(Excerpts from a dataset)
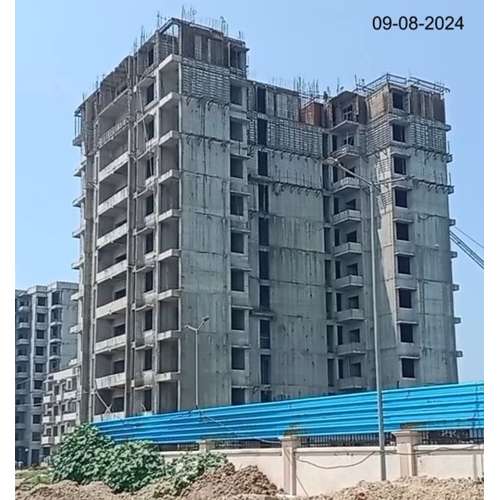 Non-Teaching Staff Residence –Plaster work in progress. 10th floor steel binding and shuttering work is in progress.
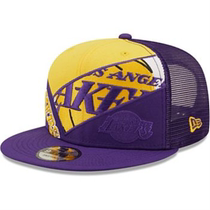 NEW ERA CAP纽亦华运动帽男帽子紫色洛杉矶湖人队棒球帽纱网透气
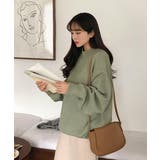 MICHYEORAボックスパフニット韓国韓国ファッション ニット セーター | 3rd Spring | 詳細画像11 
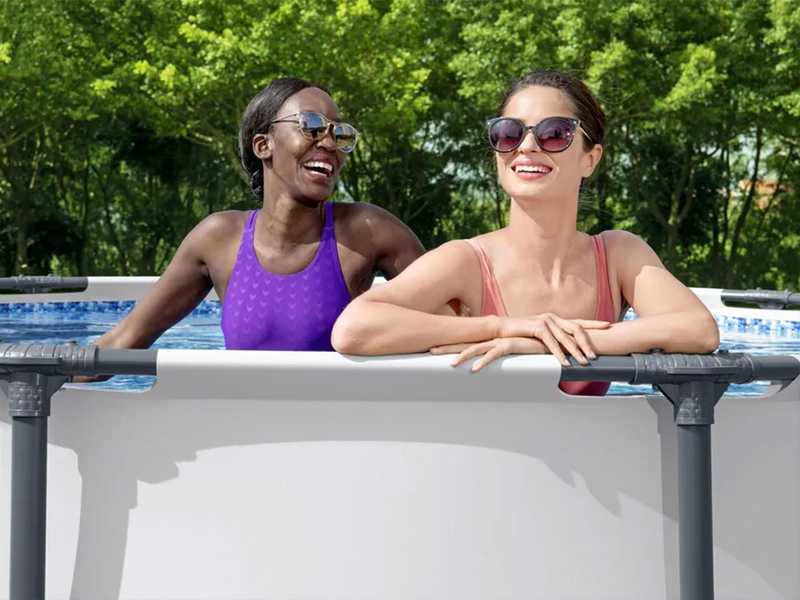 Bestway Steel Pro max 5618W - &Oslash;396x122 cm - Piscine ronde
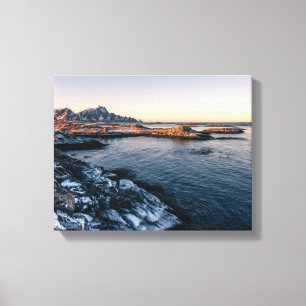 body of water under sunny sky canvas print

- [What to work on]: Give back every entry in full, exactly as written, with no picture included.

- [Response box]:
 Non-Teaching Staff Residence –Plaster work in progress. 10th floor steel binding and shuttering work is in progress.
 NEW ERA CAP纽亦华运动帽男帽子紫色洛杉矶湖人队棒球帽纱网透气
 MICHYEORAボックスパフニット韓国韓国ファッション ニット セーター | 3rd Spring | 詳細画像11 
 Bestway Steel Pro max 5618W - &Oslash;396x122 cm - Piscine ronde
 body of water under sunny sky canvas print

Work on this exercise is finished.